Watching out for Mountain Hare in Marsden

A last look for Lepus Timidus – Mountain Hare ..

I took my two boys to look for the Easter Bunny this weekend. I’ll reframe that (to change the scene in your head): they’re 25 and 21 and we were after Mountain Hare. But the Hares were harder to find than all those badly hidden Easter eggs in the garden over the years. Despite lots of tell-tale Maltesers in evidence (keeping the chocolate theme going), no Hares were seen this time. The lads were home for Easter weekend and we’d set off early in the evening on the final round of the two grid squares I had been allocated for the National Trust annual Mountain Hare survey.

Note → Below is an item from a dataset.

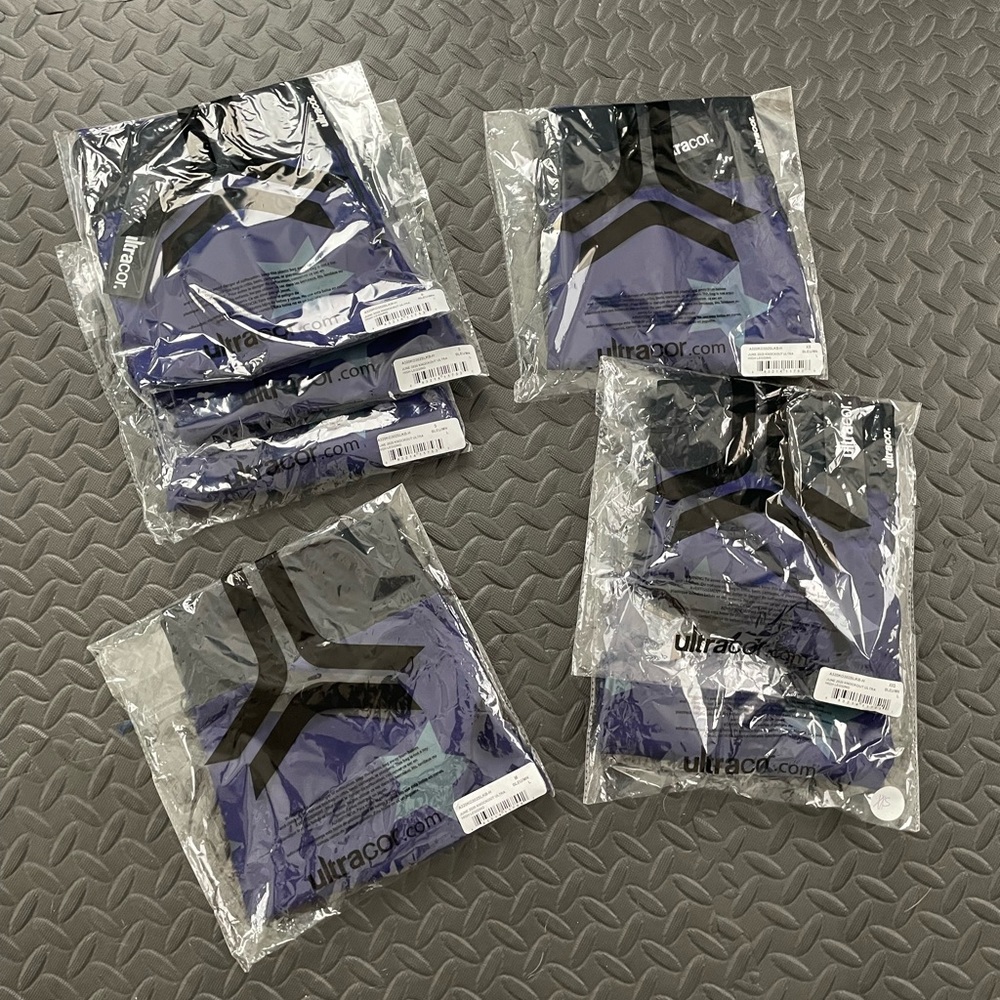 Ultracor Leggings BULK BUY *NWT*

I had only spotted one Hare in the accumulated eight hours or so that I had spent surveying my allocated areas – centring around the March Hill area. That one encounter was worth the hours though, bursting out as it did from the heather in front of me, to rubberball away in its white winter coat. A white coat against the purple, brown and tan of the spring moors landscape. Once you see one you can’t believe they are so elusive and infrequently seen at this time of year.

Where I saw it is about the northern extremity of the Peak District heartland for Mountain Hares. There are bigger populations in Scotland where they have survived since the ice-age, albeit fluctuating in density in recent times (from what I’ve read). The English population was reintroduced in the 1880’s and they prefer the higher moors and heather habitats, compared to the Brown Hare (its larger interloper cousin and a Roman introduction).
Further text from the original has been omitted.